Were these the "significant vulnerabilities in Mahony's background" cited in a memo from a Cotton campaign manager as fodder to exploit in torpedoing Mahony's candidacy? We know the state Republican Party announced moments after candidate filing ended that it would file a complaint with the Federal Election Commission accusing Mahony of lying on campaign-related federal paperwork.
The National Republican Senatorial Committee questioned the Mahony's work history, suggesting he was "unable to remember the last time he was employed."
In withdrawing, Mahony cited "family health concerns" as the reason behind his decision. He didn't notify the Democratic Party beforehand and hasn't spoken of it since.
"I promise you we can do it," Mahony told a crowd in front of the Fayetteville Town Center last July.
But even Democrats doubted it. It was easy to see those rallying to Mahony's side mostly consisted of those would would vote for anyone but Cotton, not people inspired by the Democratic candidate himself.
More fact-checking or mud-slinging, depending on one's perspective, was promised. And something in all that convinced Mahony either that his background wouldn't withstand the scrutiny enough to keep him a viable candidate or that the battle ahead wasn't worth going through.
Call it unfortunate that the Republican strategy was to scuttle the Democrat's campaign after the filing period so that Arkansas voters would be denied an opportunity to have another major-party option on the ballot next November. The GOP has threatened a lawsuit if the Democrats even attempt to put a new candidate forward, thanks to state law that puts strict limits on the reasons a candidate can be replaced.

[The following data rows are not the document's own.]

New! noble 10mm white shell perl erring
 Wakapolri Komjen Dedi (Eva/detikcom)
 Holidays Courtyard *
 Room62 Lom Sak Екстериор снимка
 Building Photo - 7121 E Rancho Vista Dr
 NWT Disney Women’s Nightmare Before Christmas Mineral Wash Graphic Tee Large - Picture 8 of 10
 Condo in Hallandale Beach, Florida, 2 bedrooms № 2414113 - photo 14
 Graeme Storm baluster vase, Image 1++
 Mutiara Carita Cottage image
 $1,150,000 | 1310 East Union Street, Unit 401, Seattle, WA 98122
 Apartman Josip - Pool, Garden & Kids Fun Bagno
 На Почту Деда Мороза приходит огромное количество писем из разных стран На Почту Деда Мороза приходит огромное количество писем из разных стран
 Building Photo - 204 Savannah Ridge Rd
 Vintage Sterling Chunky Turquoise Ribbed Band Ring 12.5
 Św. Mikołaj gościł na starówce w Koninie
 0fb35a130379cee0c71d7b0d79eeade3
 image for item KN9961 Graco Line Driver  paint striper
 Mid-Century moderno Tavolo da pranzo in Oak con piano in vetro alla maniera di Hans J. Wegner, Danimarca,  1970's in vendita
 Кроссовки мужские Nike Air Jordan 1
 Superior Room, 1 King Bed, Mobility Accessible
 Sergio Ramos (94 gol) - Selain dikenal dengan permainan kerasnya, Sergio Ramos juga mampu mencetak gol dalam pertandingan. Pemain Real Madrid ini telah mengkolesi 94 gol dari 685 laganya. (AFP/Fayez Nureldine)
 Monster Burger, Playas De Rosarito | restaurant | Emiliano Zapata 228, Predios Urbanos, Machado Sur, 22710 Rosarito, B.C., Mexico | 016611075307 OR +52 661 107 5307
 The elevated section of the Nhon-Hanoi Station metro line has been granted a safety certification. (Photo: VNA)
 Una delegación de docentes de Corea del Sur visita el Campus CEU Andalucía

It's a cynical strategy. And it worked. And it should be expected in big-time politics.
Democrats should be disappointed in their own party, which either lacked the political foresight to put its likely Senatorial nominee through a serious vetting or didn't care to. Given the likelihood of a Democrat unseating Cotton in Arkansas, the party might have been satisfied just to have someone who could fog a mirror.
Neither Mahony nor the Democrats did the due diligence necessary to avoid what was an entirely avoidable embarrassment.
With the Mahony campaign dead, voters will still have choices next November. A Libertarian, Ricky Dale Harrington Jr. of Pine Bluff, and an independent, Dan Whitfield of Bella Vista, have also filed for the seat. If history is any gauge, Cotton will have little trouble surviving their candidacies. Most likely, he'll just ignore them.
Some Arkansas voters no doubt feel shafted in having any real choice wrangled from their hands. Others, probably the majority, haven't had their voting plans changed by this political drama at all. It's unfortunate voters won't have much of a choice, but it can easily be said they never did. Thanks to Mahony's actions and history, the Republicans had the upper hand all along and flexed it when it was most advantageous to their cause and candidate.